Samuel Sanders (27 June 19379 July 1999) was a distinguished American classical pianist known for sensitive collaborations with noted soloists.

He was born with a congenital heart condition that required him to undergo surgery at the age of nine. He studied at Hunter College and at the Juilliard School under Sergius Kagen and Irwin Freundlich. Sanders was famous for the loyalty of his collaborators.

Among the artist with whom he collaborated are Hermann Baumann (horn), Jacqueline DuPre (cello), Joshua Bell (violin). Kyung Wha Chung (violin), Jaime Laredo (violin), Yo-Yo Ma (cello), Jessye Norman (soprano), Rachel Barton Pine (violin), Paula Robison (flute), Leonard Rose (cello), Mstislav Rostropovich (cello), Robert White (tenor), Eugenia Zukerman (flute), and Pinchas Zukerman (violin).

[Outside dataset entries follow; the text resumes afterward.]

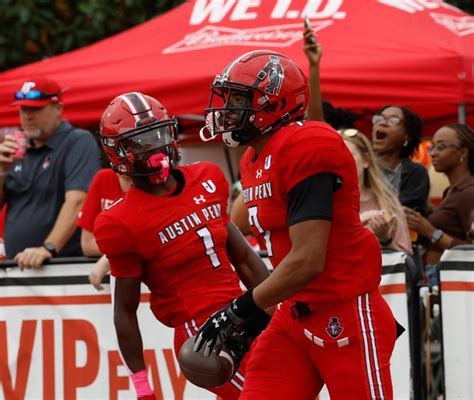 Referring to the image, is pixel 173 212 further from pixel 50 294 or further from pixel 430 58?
pixel 430 58

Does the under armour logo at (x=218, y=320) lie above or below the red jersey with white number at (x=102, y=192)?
above

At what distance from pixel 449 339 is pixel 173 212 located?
78.7 inches

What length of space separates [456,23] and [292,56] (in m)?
1.40

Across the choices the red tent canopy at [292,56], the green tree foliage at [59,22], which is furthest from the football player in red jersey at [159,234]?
the green tree foliage at [59,22]

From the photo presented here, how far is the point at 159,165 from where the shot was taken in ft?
15.6

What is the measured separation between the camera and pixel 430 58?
7918mm

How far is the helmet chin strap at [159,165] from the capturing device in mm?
4742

In 1996 Sanders and violinist Itzhak Perlman marked the thirtieth anniversary of a partnership which took them to many parts of the world and resulted in twelve recordings, two of which were awarded Grammys.

With Chilean cellist Andres Diaz (cello) Sanders formed Diaz-Sanders Duo.

Sanders was the founder and artistic director of the Cape and Islands Chamber Music Festival in Cape Cod, Massachusetts.

He received honorary doctorates from Lehman College and the St. Louis Conservatory of Music (CASA), and taught for more than three decades at the Juilliard School, where he helped found a degree program for collaborative pianists.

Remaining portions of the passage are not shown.